Work item ▸ Each line of the material below is to be written out exactly. Leave out any picture.

Data ▸
# # # # #

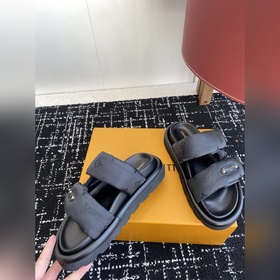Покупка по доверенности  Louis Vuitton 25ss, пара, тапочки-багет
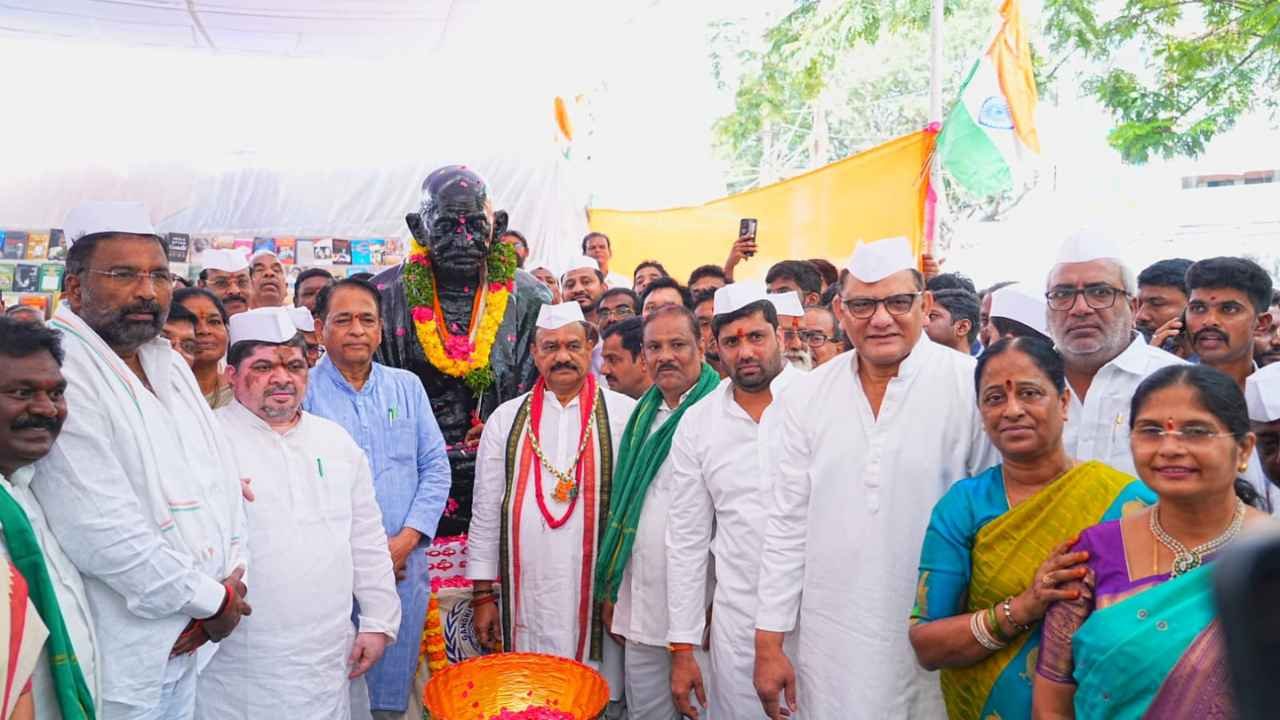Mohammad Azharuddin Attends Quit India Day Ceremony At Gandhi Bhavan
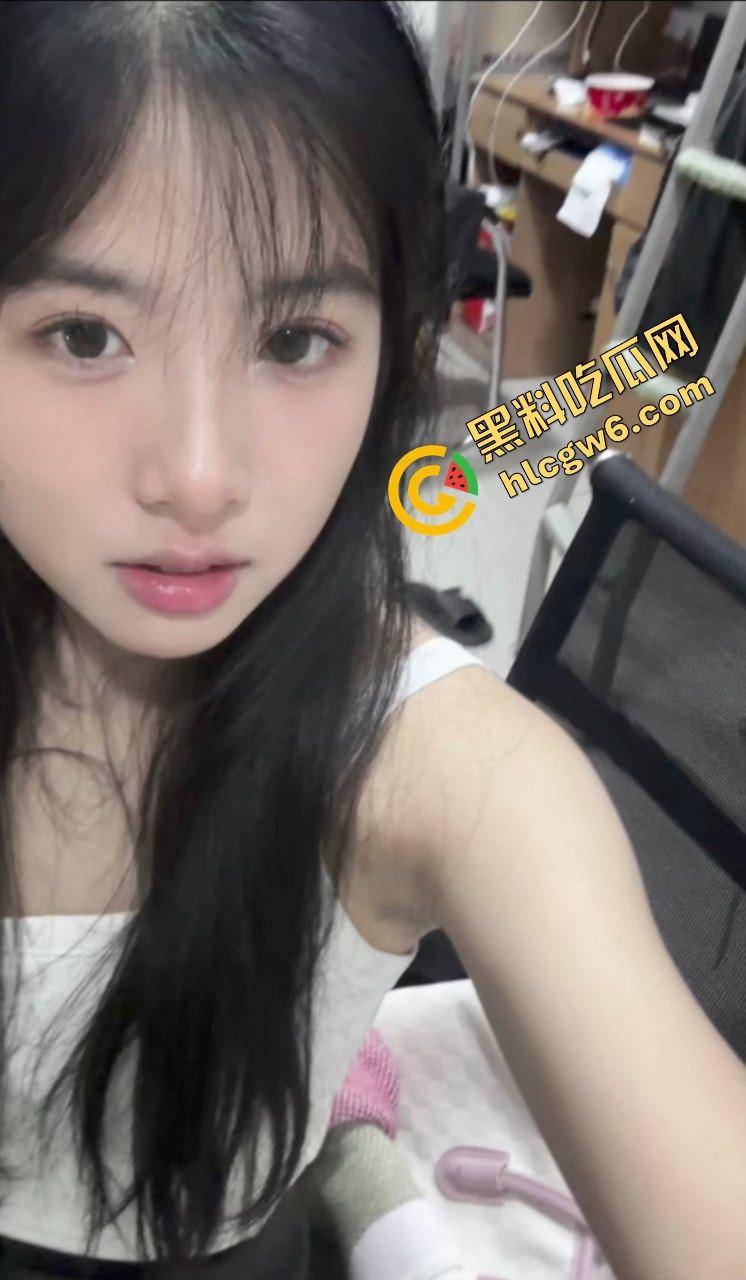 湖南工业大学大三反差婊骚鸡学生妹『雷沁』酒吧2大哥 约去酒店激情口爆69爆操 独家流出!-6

# # # # #

Task response ▸
Покупка по доверенности  Louis Vuitton 25ss, пара, тапочки-багет
Mohammad Azharuddin Attends Quit India Day Ceremony At Gandhi Bhavan
 湖南工业大学大三反差婊骚鸡学生妹『雷沁』酒吧2大哥 约去酒店激情口爆69爆操 独家流出!-6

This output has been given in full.